Hz. Nuh (a.s)
Hz. İdris göğe çekilmeden önce halkı aydınlatmaları için ümmetinden bazı din alimlerini görevlendirmişti. Bu alimler, Arap yarımadasının farklı yörelerindeki insanlara doğru yolu göstermek için, ellerinden gelen gayreti gösteriyorlardı. Güzel ahlakları ve tatlı sohbetleri sebebiyle, halk tarafından, sevilen ve sayılan bu alimler, vefat ettikten sonra, insanlar onları hayırla anmak ve hatıralarını yaşatmak için heykellerini yapmaya karar verdiler. Bunun üzerine Vedd. Suva, Yegüs, Yeük, Nesr adlı bu çok kıymetli kişilerin heykelleri yapıldı.

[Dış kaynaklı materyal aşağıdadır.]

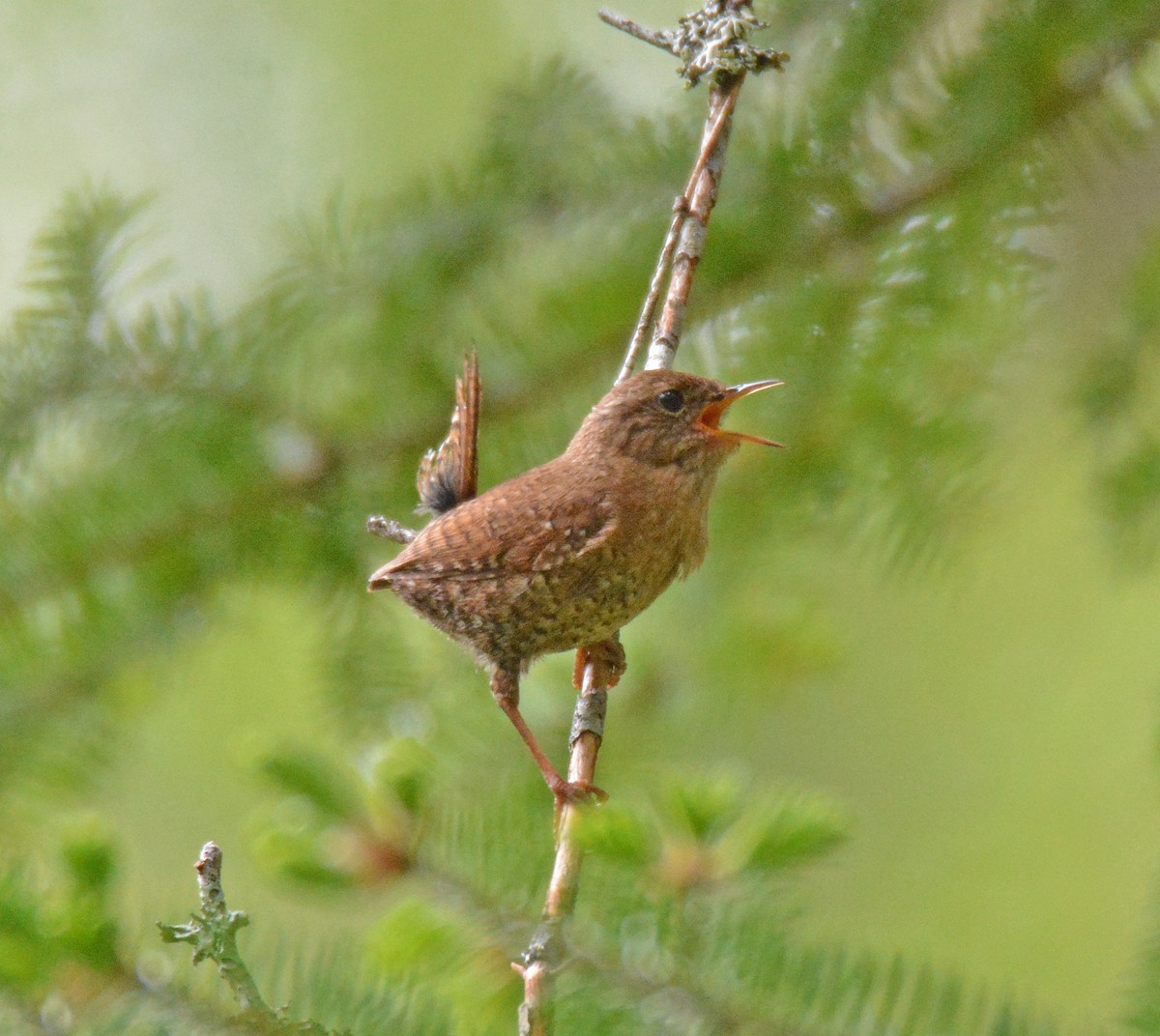 Winter Wren - ML582351331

Daha önce iman edenler, farz ibadetlerini yapıyor. bunun yanı sıra bu heykellerin etrafında, toplanıyor, onların nasihatlerini hatırlıyor ve gösterdikleri doğru yoldan ayrılmamaya çalışıyorlardı. Önceleri iyi niyetle yapılan bu hareketler, ileri ki zamanlarda, yanlış sonuçlar vermeye başladı. Çünkü bu heykellerin dikiliş gayesini hatırlamayan, bilmeyen insanlar, zamanla bunlara tapmaya başladı. Yeryüzünde Yüce Allah’ı terk edip puta tapınma adeti de böylece başlamış oluyordu. Artık insanlar Allah’a ibadetten uzaklaşıp, kendi elleriyle yaptıkları, tahtadan, tunçtan, çamurdan heykellere tapıyorlardı.
Bunun üzerine Yüce Allah Hz. Nuh’u kırk yaşındayken peygamberlikle görevlendirdi. Hz. Nuh Mezopotamya’da bugünkü Küfe şehrinin bulunduğu yerde yaşıyordu. Hz. İdris’in torunuydu. Peygamberlik görevini alınca önce halkı tek tek gizliden gizliye davete başladı. Belli bir müddet sonra ise davetini açıktan açığa yapmaya başladı.
– Ey kavmim Allah’a ibadet edin. Ondan başka ilahınız yoktur. İyi yürekli, temiz ve güzel ahlaklı olanlar, bu davete evet demişlerdi. Bunların çoğunluğunu yoksul kimseler oluşturuyordu.
Zengin kibirli zalim kötü huylu kimseler ise putperestlikte ısrar ediyor, üstelik, Nuh Aleyhisselam’a
ağır hakaretlerde bulunuyorlardı. Onlar Hz. Nuh’u dinlememek için, kulaklarını tıkıyor, yüzünü
görmemek içinde elbiseleriyle başlarını örtüyorlardı. Putperestler, Hz. Nuh’a inananların azda olsa artmaya başladığını görünce bu gidişe engel olmak için, müminlerle alay etmeye onları küçük düşürücü, kötü davranışlarda bulunmaya başladılar. Halbuki Hz. Nuh ve müminler onların kötü davranışlarını sabırla karşılıyorlardı.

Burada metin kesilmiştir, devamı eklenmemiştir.